The Problem with Fast Fashion

As fast fashion continues unabated, questions need to be asked: who is responsible for regulating the industry? Is it the companies themselves who are now facing a time of uncertainty, unable to squeeze margins much more than they already have and now require a new way to be profitable? Or is it the consumer? Firms will always state that thy provide what customers want but are customers always aware of the implications of their actions or do they just believe that companies are already behaving in the ”correct” manner? Or does this problem require legislative measures that will force both firms and customers alike to behave in a different way? This paper seeks to answer some of these questions.

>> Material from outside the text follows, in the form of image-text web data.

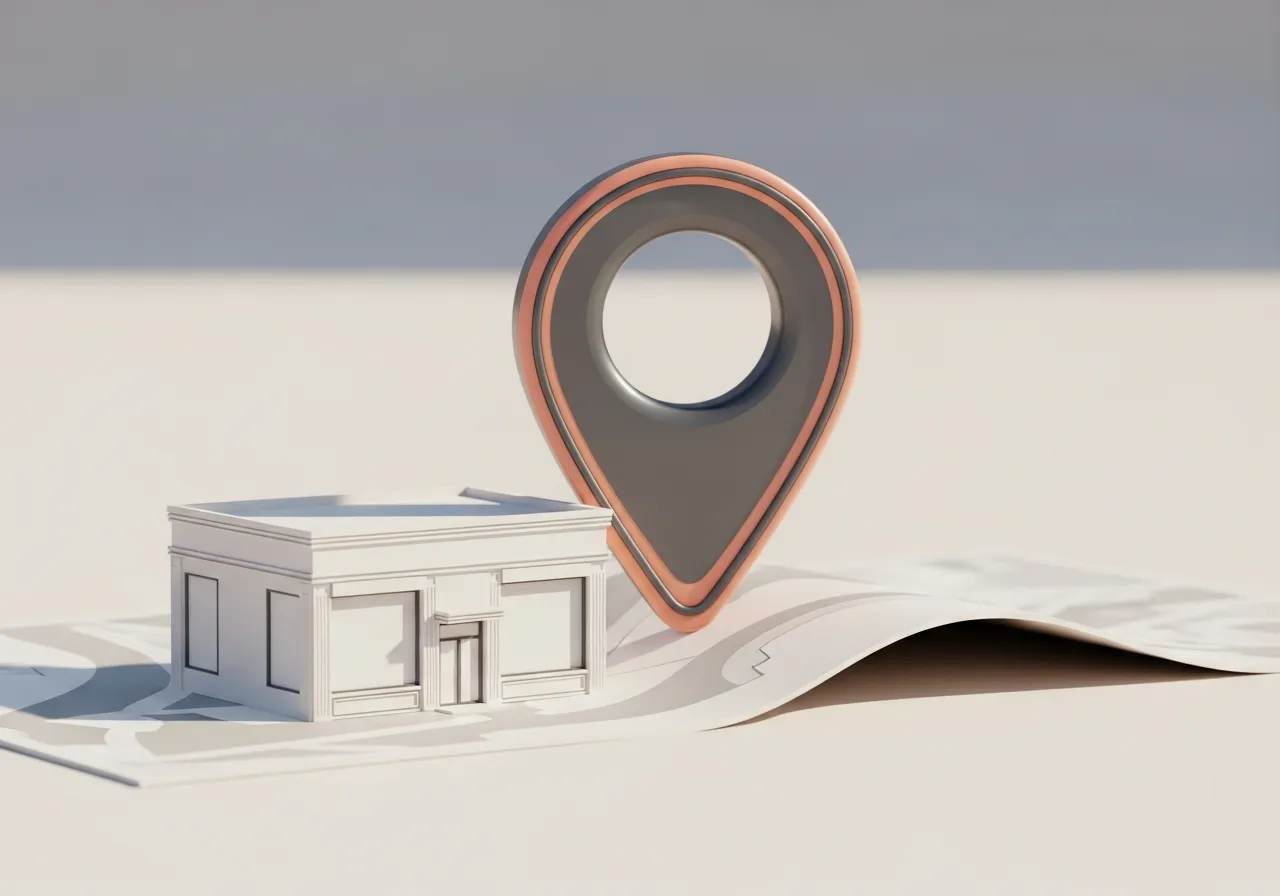 Local SEO: Standort-Pin auf einer Karte für lokale Sichtbarkeit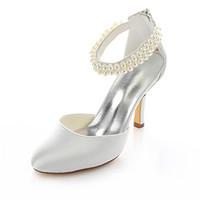 Women\'s Shoes Stretch Satin Stiletto Heel Heels / Round Toe Heels Wedding / Party Evening / Dress Ivory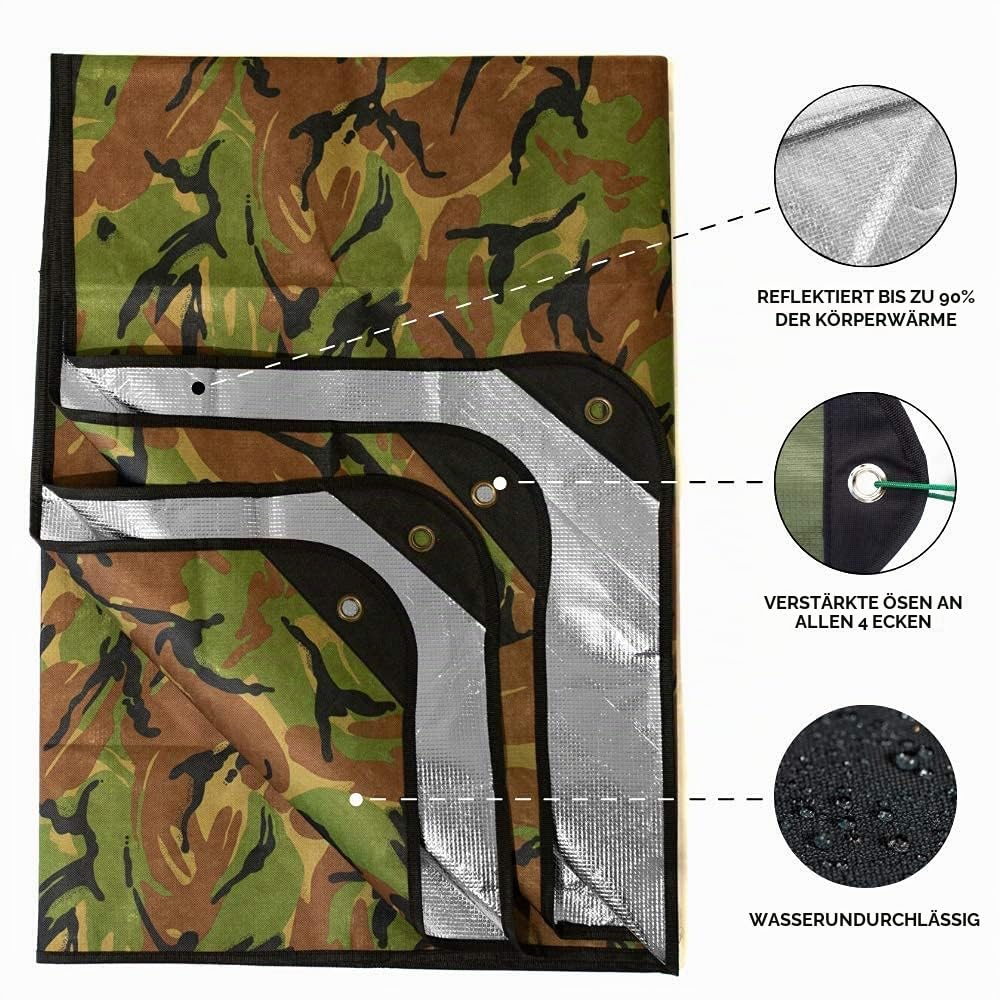 Arcturus Robuste Survival-Decke, isoliert, reflektierend, 152 x 208 cm, für jedes Wetter, Wiederverwendbare Notfalldecke für Auto oder Camping (Woodland Camo)
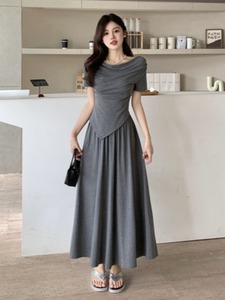 大码韩版时尚套装女夏季胖MM不规则显瘦上衣高腰垂感半身裙两件套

Between 2002 and 2006, there was a 33%increase in the amount of clothing bought in the UK (Siegle, 2011) (Ethical Fashion Forum). The average person goes through about 35kg of textiles a year, most of which is clothing and is thrown away within a year of purchase. In 2005 this resulted in 1.2 million tonnes of clothing going to landfill (Siegle, 2008). The UK has legislation regarding the disposal of electric waste items forcing companies to take responsibility for the waste caused by the sale of electronic goods and there is no reason why this could not also apply to fashion retailers (Environment Agency, 2007). Value retailers sell their clothing cheaply usually stating that economies of scale allow consumers to benefit from lower prices. What such companies are less quick to divulge is that the fast fashion trend has also led to lower standards both in the quality of materials used and also in the quality of the finished product (Siegle, 2008). As consumers, they are happy to accept low prices paid for goods but know nothing of the value of those goods (Crewe, 2008).

Another issue is the lack of diversity of materials used in fashion with cotton and polyester dominating the market, providing about 80% of the global textile market (Fletcher, 2009). Increasing global shocks, however, have not led to an increased diversification of resource materials. Firms seem reluctant or unable to innovate. In a wider context, the lack of diversity has ramifications far beyond fashion into the integrity of ecosystems and livelihoods of people living in producing and supplier countries.

This paper explores fast fashion through a Corporate Social Responsibility (CSR) lens. Fast fashion is deeply intertwined with political ecology and the changing nature of the relationship between political, social and economic factors and the environment is affecting the way that companies operate. CSR is business’ way of coming to terms with these pressures and in this case the complexity of environmental and social issues connected with the fashion industry. The main focus will be on the environmental impact of the fashion industry and the various ways that businesses are coming to terms with them. It will touch upon the changing nature of the relationship between the firm and society with particular reference to the fashion’s reliance on raw materials and the potential impact of climate change – an increasingly topical subject. It will also address some of the social factors as they are often closely linked with the environment. The environmental question is a key one to address with regards to the long term sustainability of this multi-billion pound industry; yet short of stifling the fashion, companies should be using this shift to call upon the creativity of their designers, materials specialists and suppliers to embrace the technological innovations that have been taking place in the textile industry (Forum for the Future, 2011). The aim is to answer the following hypothesis:

  • Faced with increasing pressure on resources caused by a rise in global demand, combined with factors related to climate change, fashion companies are adapting their operations, increasingly taking environmental and social impacts into consideration.

To reach that point, fashion will have to directly confront issues long ignored. While existing literature points towards ethical or environmental issues, a holistic approach to issues is needed if companies are to adapt for the future.